Thank you for sharing the detailed information! That provides lots of insight into the issue.

Indeed, getting results to be deterministic sometimes can be quite difficult if not impossible. I have some observations myself during other workflows:

In the end, it's a delicate process to ensure reproducibility on distributed/parallel systems.

KaeganCasey commented 1 year ago

Hi @trivialfis, Thank you so much for your response and these pointers!!! I will give this all a try. Would you be able to elaborate a little bit on what you mean when you say caching the input to xgboost? Do you just mean writing your data to disk and then reading it back in to fit the model?
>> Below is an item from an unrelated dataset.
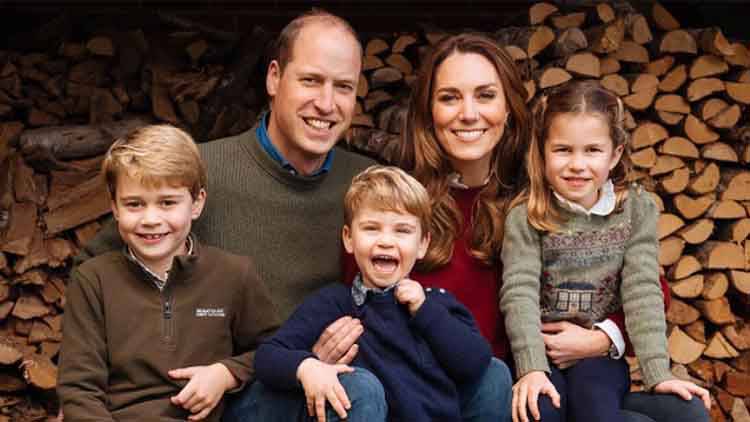 William Kate infrangono norme anti covid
Or is there an internal xgboost mechanism for caching data like how you describe.

I am currently persisting the dask array into cluster memory before fitting xgboost if that is helpful information.

I cannot thank you enough for giving me more options to at least try out! If I can't get it to work then it might just be the reality for this process.

trivialfis commented 1 year ago

Do you just mean writing your data to disk and then reading it back in to fit the model?

Yup, sometimes I cache the ETL result to avoid repeating potential non-deterministic operations

trivialfis commented 1 year ago

Closing as this is a feature request for dask instead of XGBoost. The non-deterministic behaviour comes from data distribution.